ANCI – 29 maggio 2025
Il conflitto di interessi anche potenziale nella nomina della commissione di concorso travolge l’intera procedura
Servizi Comunali Procedimenti amministrativi Procedure selettiveApprofondimento di Vincenzo Giannotti
Il conflitto di interessi anche potenziale nella nomina della commissione di concorso travolge l’intera procedura.
Vincenzo Giannotti
Il Consiglio di Stato (sentenza n.4622/2020) affronta la delicata questione del conflitto di interessi nei concorsi pubblici, non esistendo una norma specifica in materia di astensione, risultando quindi applicabili i principi generali in materia di azione amministrativa. Il caso specifico ha riguardato la competenza, di un dirigente a contratto, nella nomina della commissione esaminatrice di una procedura di mobilità volontaria terminata con esito negativo, potendosi il medesimo giovare, in questo caso di ambire a ricoprire successivamente il posto vacante, con un nuovo contratto a tempo determinato.
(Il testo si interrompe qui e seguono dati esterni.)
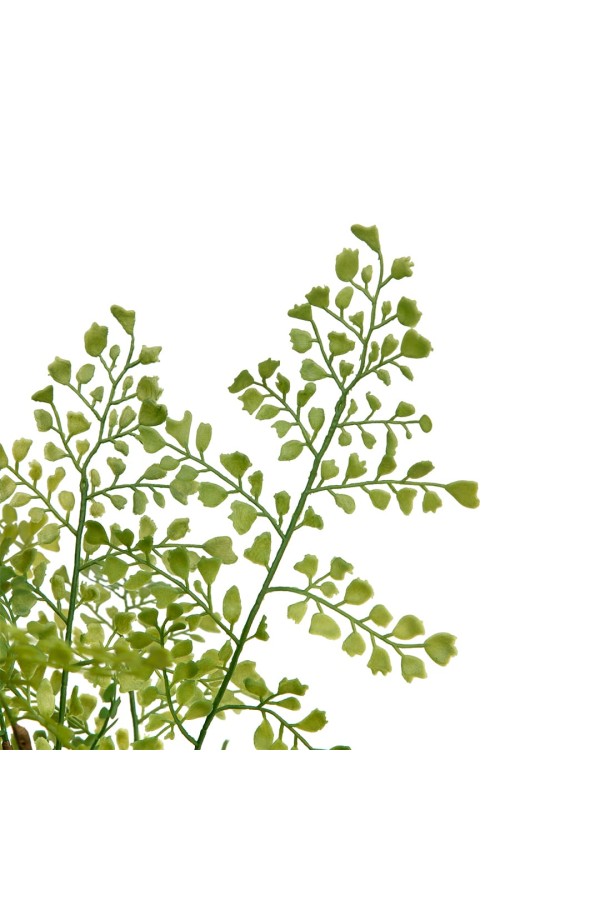 Папоротник курчавый в керамическом горшке, Д120 Ш120 В480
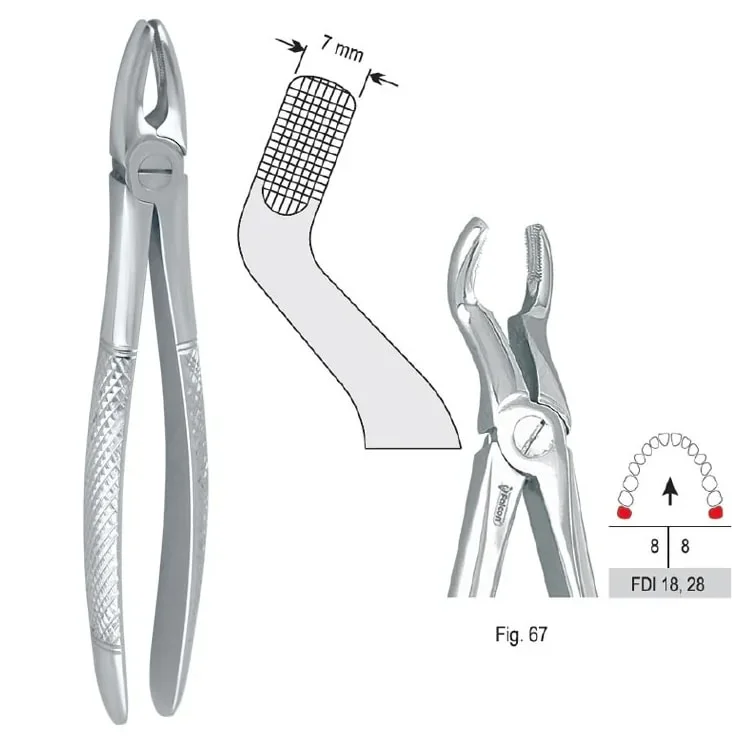 Extraktionstång European pattern fig. 67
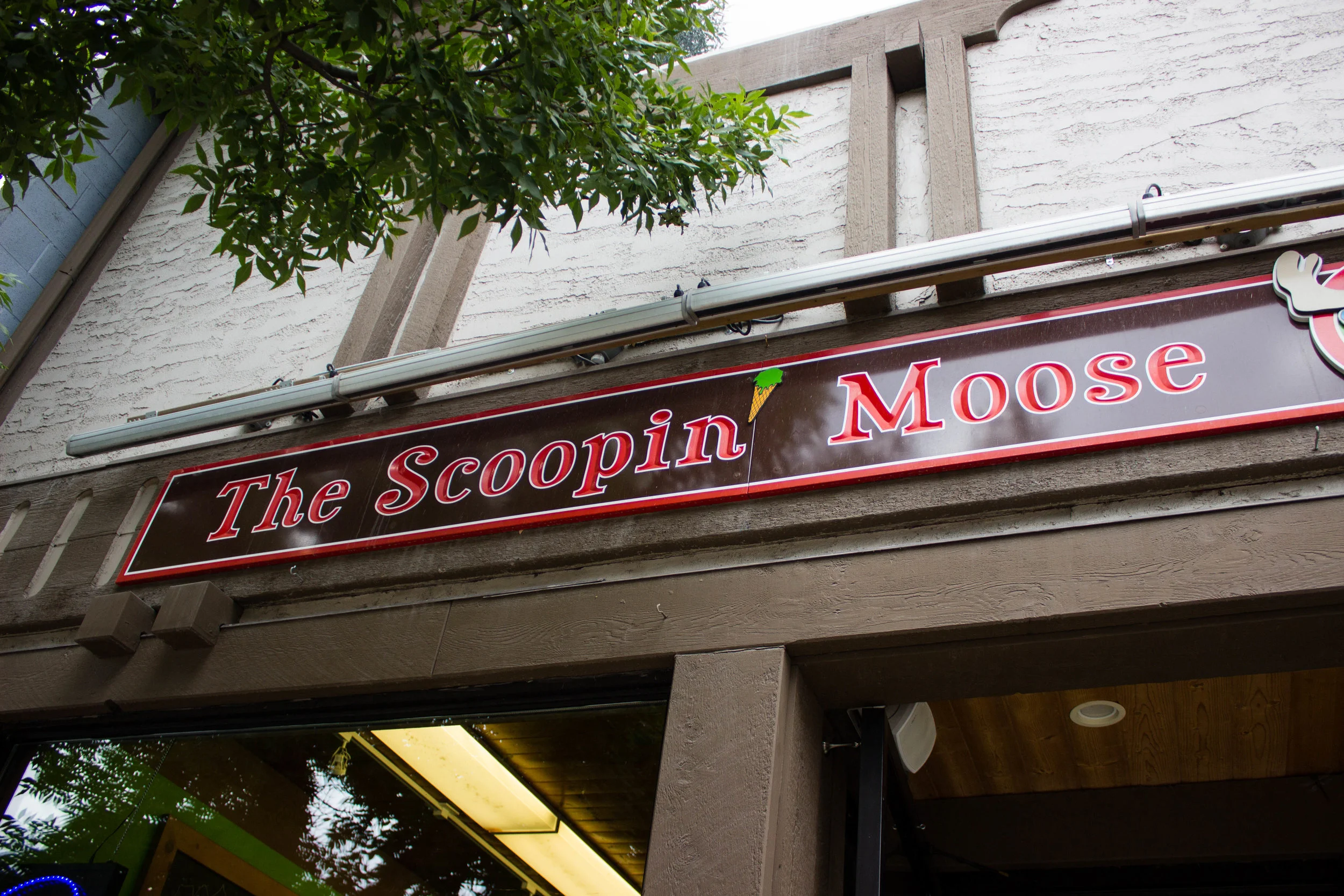 Scooping Moose.jpg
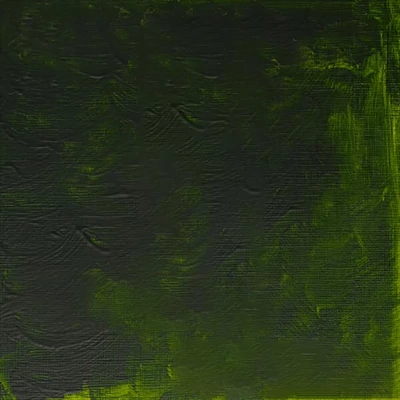 Winsor&amp;amp;Newton Griffin Alkyd Culori ulei, 37 ml - 503, permanent sap green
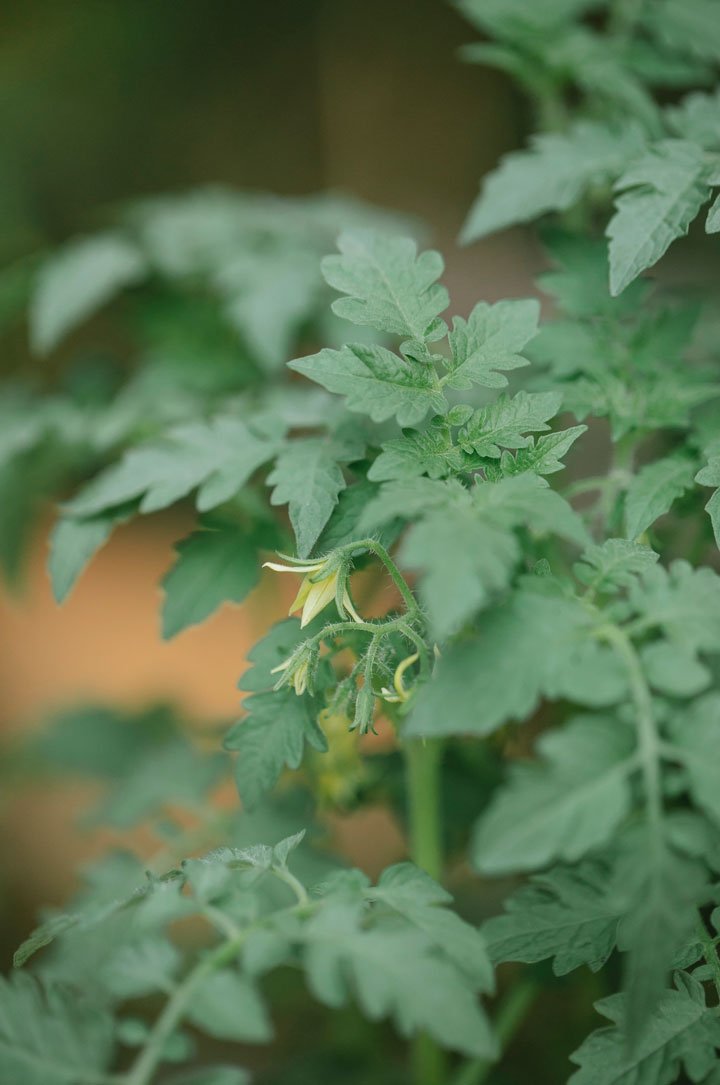 Hojas y flores de una planta de tomate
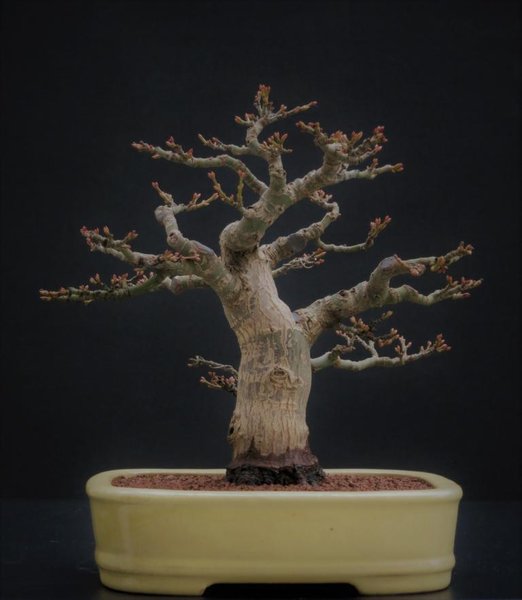 Dicker Shishi 6.3.2017.JPG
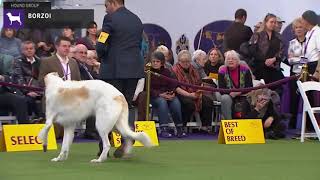 Borzois  Breed Judging 2020 [upl. by Kcinom884]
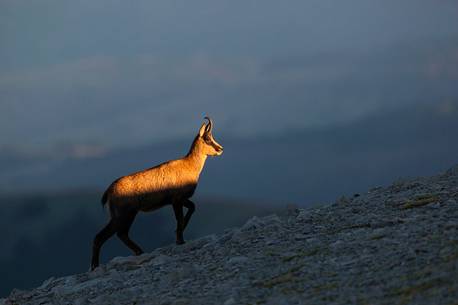 Silhouette of Apennine chamois at sunrise in the Murelle amphitheater, Majella national park, Abruzzo, Italy, Europe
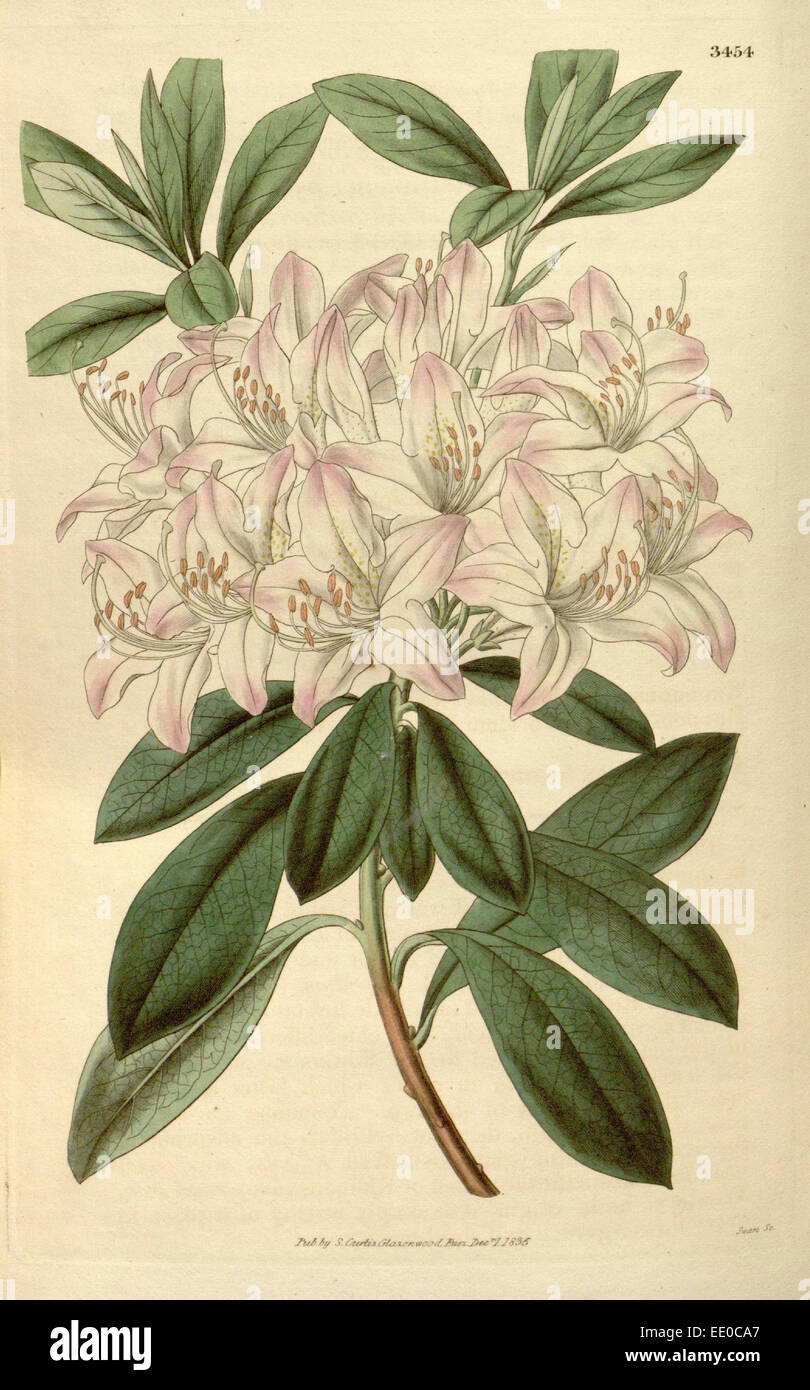 Botanische Print- oder englischen Naturgeschichte Illustration von Joseph Swan 1796-1872, britischer Kupferstecher Stockfoto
A differenza dei giudici amministrativi di primo grado, e dei giudici penali che non hanno considerato alcun conflitto di interesse, avendo agito il dirigente secondo le competenze proprie del ruolo dirigenziale rivestito, i giudici amministrativi di appello hanno, invece, dimostrato che tale conflitto esistesse, anche se solo potenziale, con conseguente annullamento dell’intera procedura di mobilità espletata.
La vicenda
Un segretario iscritto all’Albo ha partecipato ad una procedura di mobilità volontaria indetta da una Provincia per la copertura di sei posti dirigenziali nei ruoli amministrativi. Alla procedura hanno partecipato in totale otto candidati, tutti risultati non idonei, dando la possibilità all’ente di attivare rimedi alternativi alla copertura dei posti dirigenziali rimasti vacanti.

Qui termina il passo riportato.